**Available data:**

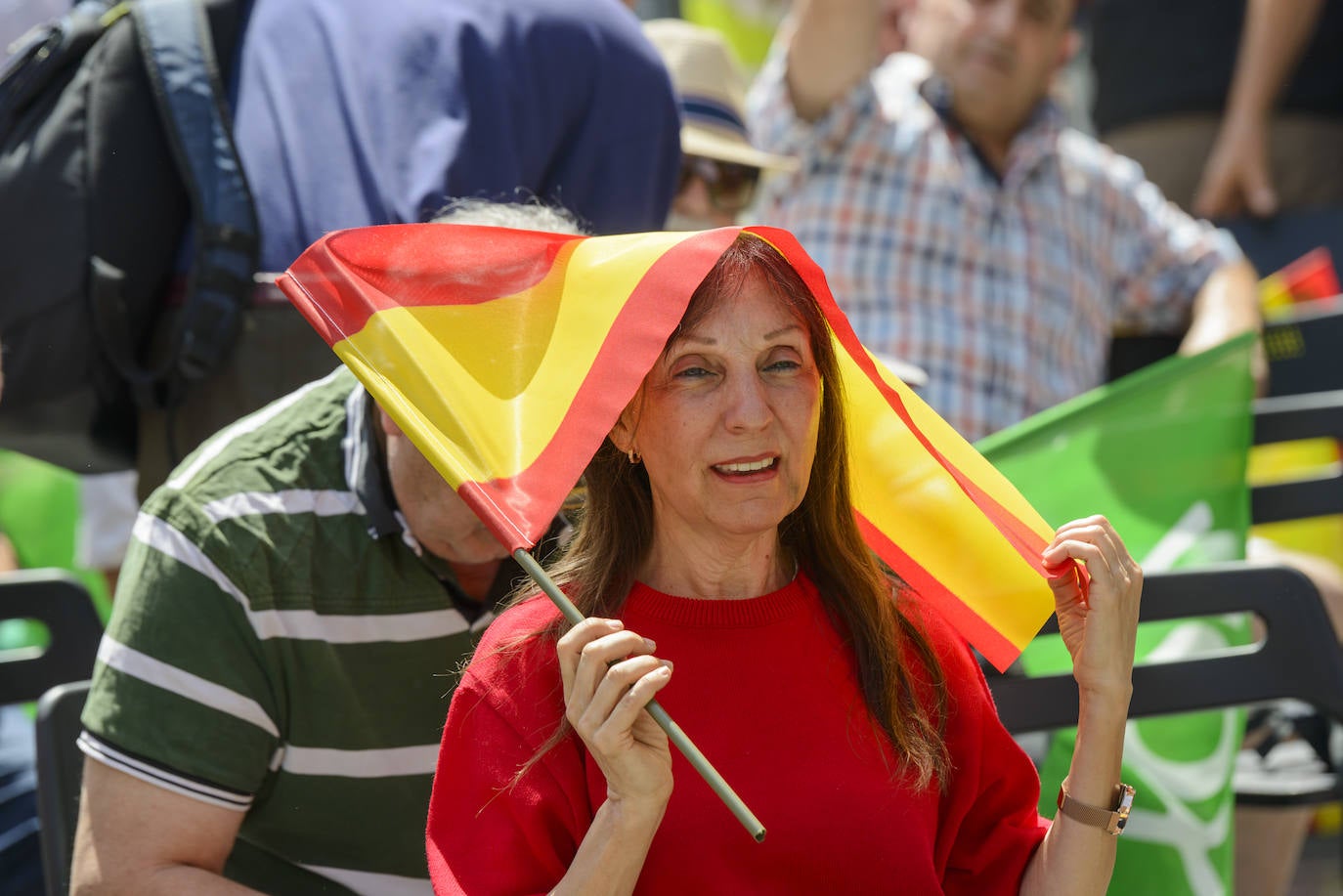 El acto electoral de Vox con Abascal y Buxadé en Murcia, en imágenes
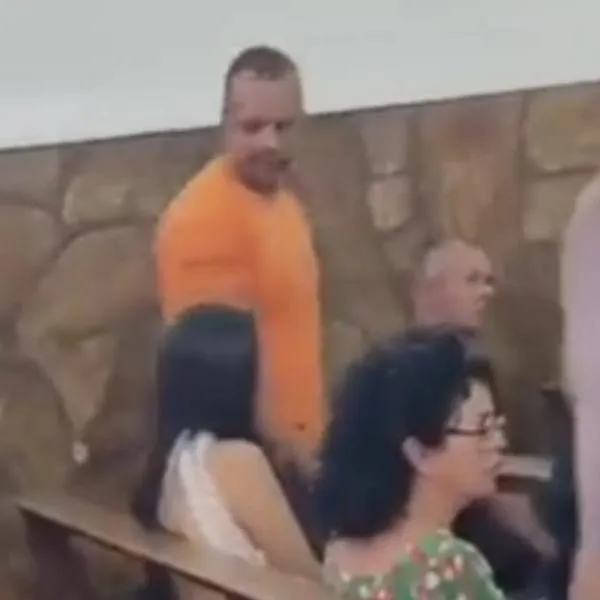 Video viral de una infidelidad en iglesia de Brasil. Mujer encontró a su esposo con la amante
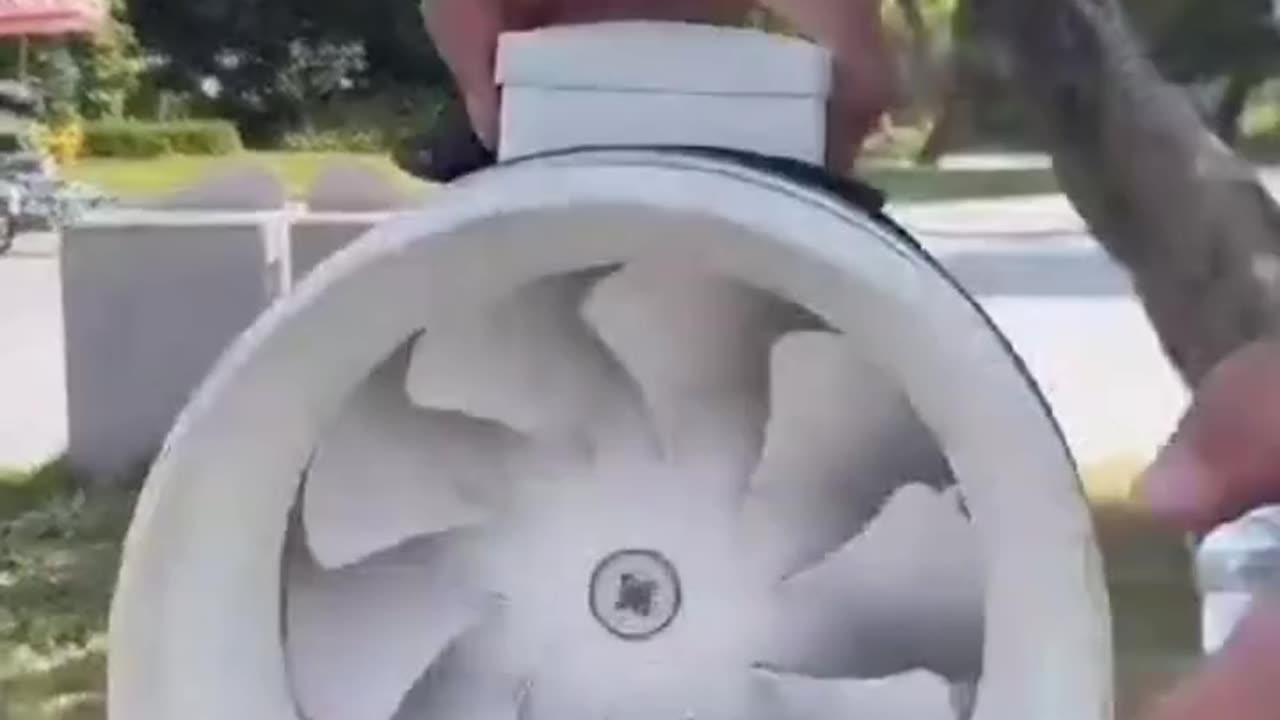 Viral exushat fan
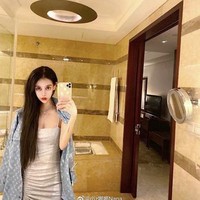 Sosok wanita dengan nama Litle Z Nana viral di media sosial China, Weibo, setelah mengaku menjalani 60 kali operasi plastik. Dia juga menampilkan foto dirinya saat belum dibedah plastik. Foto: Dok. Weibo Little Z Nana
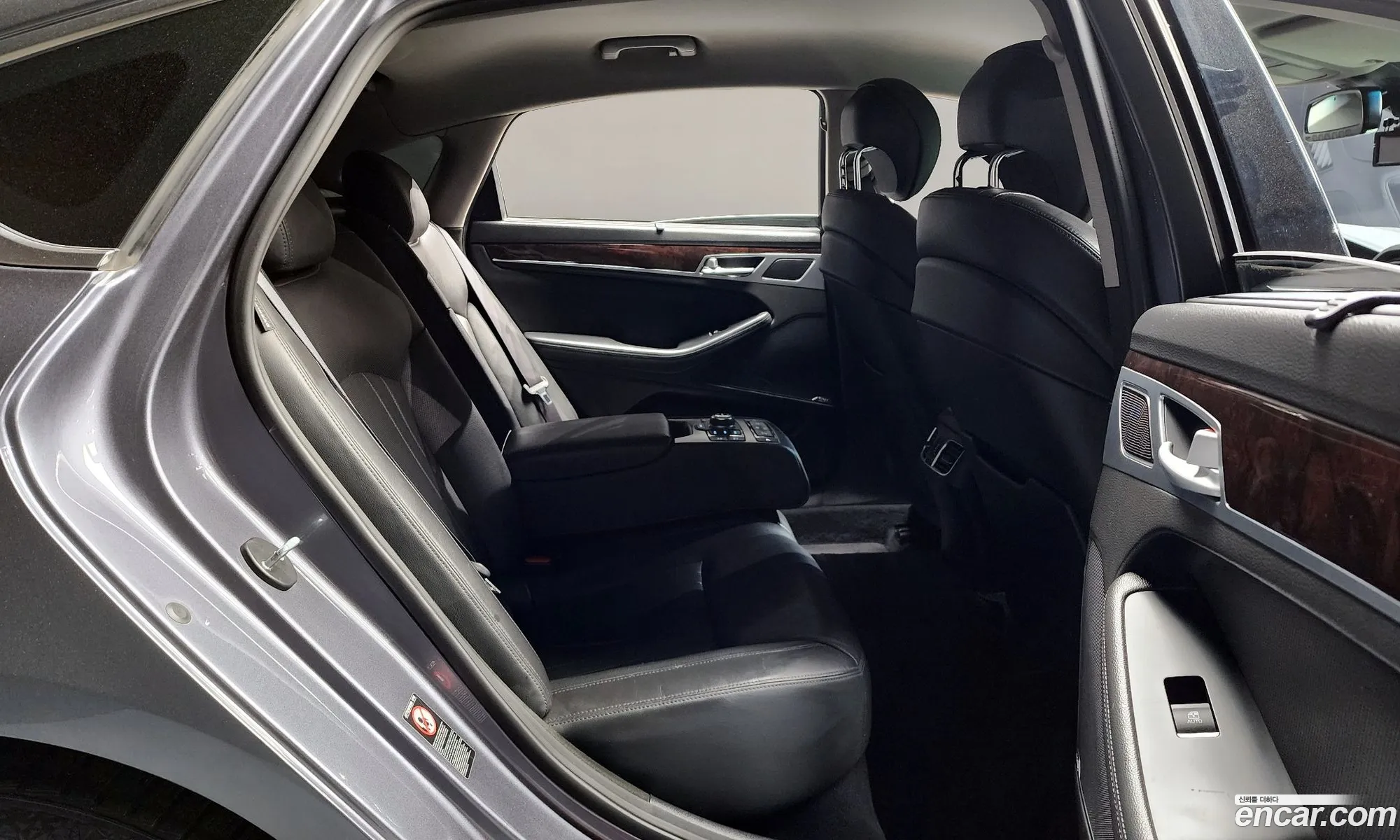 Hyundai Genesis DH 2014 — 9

**Task objective:** Leave images out of the retyped records; keep all else exact.

**Result of this exercise:**
 El acto electoral de Vox con Abascal y Buxadé en Murcia, en imágenes
 Video viral de una infidelidad en iglesia de Brasil. Mujer encontró a su esposo con la amante
 Viral exushat fan
 Sosok wanita dengan nama Litle Z Nana viral di media sosial China, Weibo, setelah mengaku menjalani 60 kali operasi plastik. Dia juga menampilkan foto dirinya saat belum dibedah plastik. Foto: Dok. Weibo Little Z Nana
 Hyundai Genesis DH 2014 — 9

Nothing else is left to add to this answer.